The electoral victory of the Muslim Brotherhood in Egypt has caused consternation and fear across the Middle East and the world. There are concerns that this and other emerging political groups might usher in a new era of oppression, this time inspired by and based on Islam. For all of Mubarak's vices, he at least opposed religious extremism; free and fair elections are a cheap price to pay to avoid Sharia law. The Muslim Brotherhood, banned under Mubarak, has reasserted itself since the so-called Arab spring. But how could a Muslim brotherhood be good? Muslim-terrorist-misogynist-oppressor seems redundant. Egypt's newly elected president, Mohammed Morsi, is a loyal son of the Brotherhood. How could millions of Egyptians have celebrated in the streets over this admittedly historic election?
Morsi, flying in the face of these western prejudices and misconceptions, seems determined to allay these fears. He has pledged to end corruption, to improve education, and to revisit the Camp David peace accords with Israel. He has stated his determination to rule by consensus and to create, in his own words, a "civil and democratic state." And while the Brotherhood supports Islamic law, it is not clear what that might look like. The Muslim Brotherhood, for its part, has stated that it will not restrict personal freedoms and will protect the interests of minorities. Egypt's first democratically elected president has declared that he will be "a president for all Egyptians."
If he keeps these lofty pledges and promises, Egypt should finally become safe for Egypt's Coptic Christians who have long worshipped in fear. As recently as New Years Day, 2011, twenty-one Coptic Christians were killed in a church bombing by extremists. Clashes between Muslims and Christians ensued. Perhaps, at last, Coptic Christians can sleep in peace.
But should we be so hopeful? Should we take Morsi and the Brotherhood at their word? How can Morsi embrace democracy and Islamic law? How can he maintain fidelity to a religiously-based political party with all its aims and ambitions, on the one hand, and a commitment to unity and plurality, on the other? Despite his claims to justice and peace, won't his Islamic fundamentalism finally seep out, spreading throughout the land, and to the detriment of religious minorities and secular Arabs (who constitute about half of the population)? Won't liberty, finally, lose out, once again, to religion? Won't Islamic tribalism repressively rule the day, with women and minorities its first casualties?
In short, aren't our fears of Islamic rule fully justified?

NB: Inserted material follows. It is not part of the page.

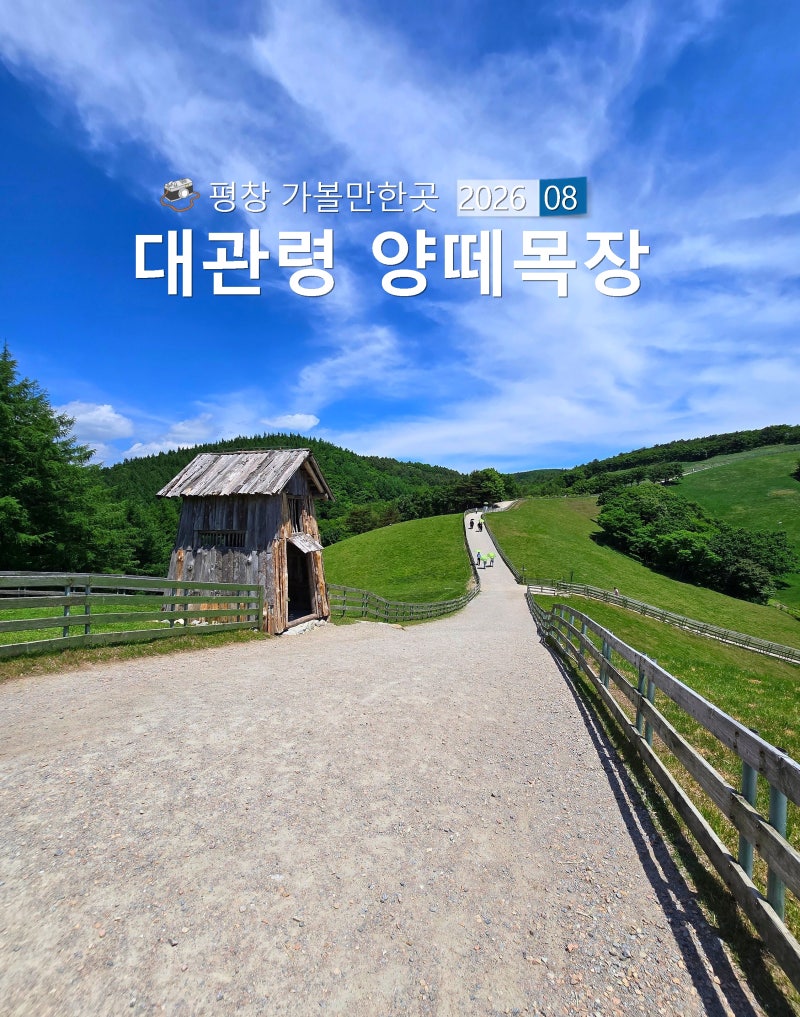[평창] 대관령 양떼목장 평창 가볼만한곳 평창 대관령 양떼목장 CNN 한국 50곳 영화 '화성으로 ....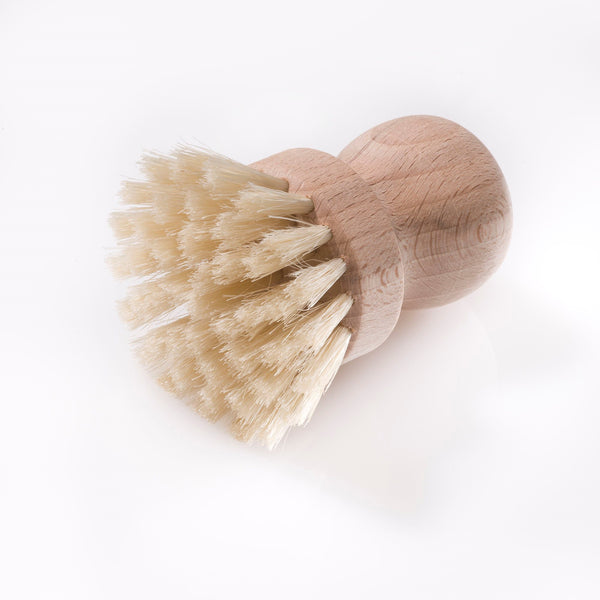 Champignon Børste - Biogan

While many have seen graphic images of religion's violent impulses, they should not form their view of religion entirely on such highly selective and inflammatory images. Religion is more a source of reconciliation, liberty and solidarity than it is a source of violence. Humans, as such, seem not terribly inclined toward respect and compassion for those who are different from them. And disrespect, fear and hatred can take a religious shape. But religion, at its best and deepest, can and should motivate peace, liberty and compassion. And it looks as though Morsi's religious beliefs may do just that.
On Wednesday, taking the first step toward improved Muslim-Christian understanding, Morsi met with leaders of many of Egypt's Christian denominations.
Even the most cynical should be moved to hope by Morsi's promise to appoint a woman and a Christian as vice-presidents. Should his promise become reality, and there's no reason to think it won't, an Egyptian woman and a Coptic Christian as VPs will be historic. The weakest among them will be honored and elevated, and called upon to rule with justice.
Morsi is following in the footsteps of Indonesia's first democratically elected president, Abdurrahman Wahid. Indonesia, the largest so-called Muslim country in the world, struggles, as do all so-called Muslims countries with freedom of expression and religion. However, Wahid argued that the Omnipotent God did not need defenders. He wrote: "Those who presume to fully grasp God's will and dare to impose their own limited understanding of this upon others are essentially equating themselves with God and are unwittingly engaging in blasphemy." In fact, such violence is not and cannot be for God; it is only in the service of the petty and prideful ambitions of humans. Quoting the Quran, Wahid concludes that servants of Allah walk in humility declaring, "Peace."
It's not my job to speak for Islam. But it is our job to listen and to support this frail reed of liberty. Christians, Muslims and Jews can do no better than to pray that Islam provides fertile ground for that reed. At Wednesday's meeting, Father Joseph Hannouche, Bishop of the Syriac Catholic community, has pledged just that: "We will pray together for success of the new president."